New York court rules body shop has assignment of proceeds right

Jan. 1, 2020
Onondaga County (N.Y.) Court Judge William D. Walsh has ruled in favor of Nick Orso's Body Shop vs. Adirondack Insurance Exchange in an assignment of proceeds case that has statewide implications.

Onondaga County (N.Y.) Court Judge William D. Walsh has ruled in favor of Nick Orso's Body Shop vs. Adirondack Insurance Exchange in an assignment of proceeds case that has statewide implications.

The body shop had taken an assignment of proceeds from two customers insured by Adirondack Insurance after the insurance company capped, or refused to negotiate, certain short pay elements of the claims, including labor rates, p-page items, paint and material allowances and junkyard or aftermarket vs OEM parts.

Mike Orso, president of Nick Orso's decided to take the two cases to court and sued Adirondack for violation of the GBL Section 349. The short pay on these claims totaled some $4,600 plus attorney fees, costs and penalties.

Orso filed claims in Syracuse City Court where Adirondack filed a motion seeking dismissal on "standing" arguing "Orso" did have standing to accept or receive an assignment of the insured's policy rights due to specific policy language regarding assignment. The lower court agreed with Adirondack. Orso undaunted filed an appeal to the New York State Supreme Court. As is typical in NY the case was later adjudicated in the next court of jurisdiction, Onondaga County Court.

Mike Orso said, "This case has been in the pipeline for almost two years. Our Attorneys, guided by Joseph Talarico Esq. worked tirelessly on the appeal. I feel he truly believes in our attempts to collect on our full repair." He was assisted by Erica L. Eversman, J.D., who submitted an Amicus Brief in support of the relevance of the Assignment issue with supporting case law.

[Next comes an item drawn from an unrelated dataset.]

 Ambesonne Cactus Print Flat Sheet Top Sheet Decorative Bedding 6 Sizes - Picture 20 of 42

Talarico said, "This was an important and pivotal point in the assignment of claim proceeds issue. We have hundreds of claims pending against various insurance companies and we've put substantial resources and effort into these short pay collections."

Ed Kizenberger, executive director of the New York State Auto Collision Technicians Association said, "I'm very proud and thankful Mike Orso was tenacious enough to see this through. All body shops that pursue collections through assignments on behalf of their customers owe Mike and the attorneys involved a big thank you. Insurance companies are well equipped to fight these issues on a broad front. This Certainly brings the issues of illegal caps and short pays into the limelight as consumers seek a fair recovery and shops attempt to negotiate a quality safe repair for their customers."

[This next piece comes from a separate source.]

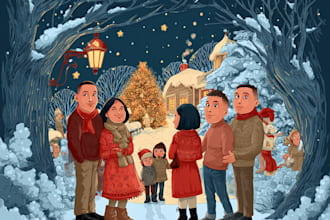 create a beautiful illustrated christmas card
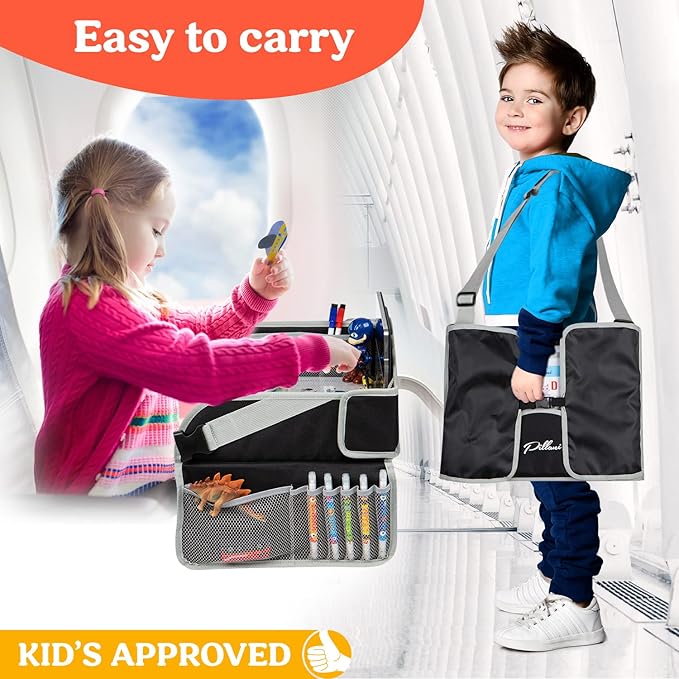 PILLANI Kids Travel Tray for Car - Car Seat Tray for Kids Travel, Car Trays for Kids Roadtrip Essentials, Carseat Table Tray for Kids Road Trip Activities - Toddler Lap Desk Organizer for Airplane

Orso said, "the importance of this decision is that we can continue to help our customer by delivering a proper safe repair and in the absence of our offer of 'reasonable negotiation' and have a chance to stand in the consumer's shoes to collect for the repairs we've done. I think some insurance companies would rather not face the shop but instead deny a consumer payment and spin it so the shop is made out to be the bad guy. Shops need to admit they are saddled with all the liability and responsibility of the repair; who better to resolve the cost of the repairs than us from a position of knowledge? We are still the professionals."

In response Judge Walsh said, "It is indeed well settled New York Law that enforceability of anti-assignment clauses contained (sic) in insurance contracts are limited, in that as a general matter such provisions are valid with respect to pre-loss assignments, but not with respect to post –loss assignments."

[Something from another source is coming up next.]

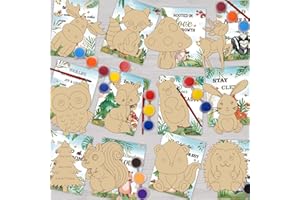 QICI 24 PCS Woodland Animals Cards with Art Supplies - Woodland Animals Wood Painting Craft Kits - Kids Christmas Birthday Boys Girls Gifts Bulk - Woodland Animals Party Favors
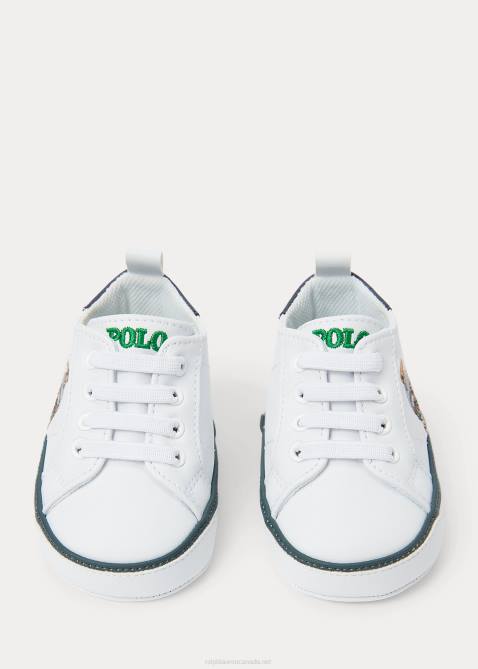 Baby Ralph Lauren Quilton Polo Bear Faux-Leather Sneaker 4DJ28119 White/Navy/Green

Judge Walsh added, "New York is among the majority of jurisdictions in the United States which allow post-loss assignment, despite express anti-assignment clauses contained in insurance contracts, under theory that although the insurer’s exposure to risk is altered if the insured assigns the policy prior to a covered loss the risk the insurer has contracted to cover is not altered post-loss, when the claimant is not the party who was the original insured."

Orso's has prevailed in hundreds of cases where assignment of proceeds collections were involved. Orso said, "Many of the companies we've sued have come to a decision that it would be prudent to simply follow the regulations and 'negotiate a settlement' at the shop on each repair or enter into 'global settlements' before spending money on legal fees for matters they can't win. It appears most attorneys tend to follow the N.Y. Regulations settling the claims on the merits before subjecting their insurer clients to court fees and sanctions or exposure to continued patterns of unfair claims activity. Cases have resulted in summary judgment where Nick's received full payment, court costs and penalties."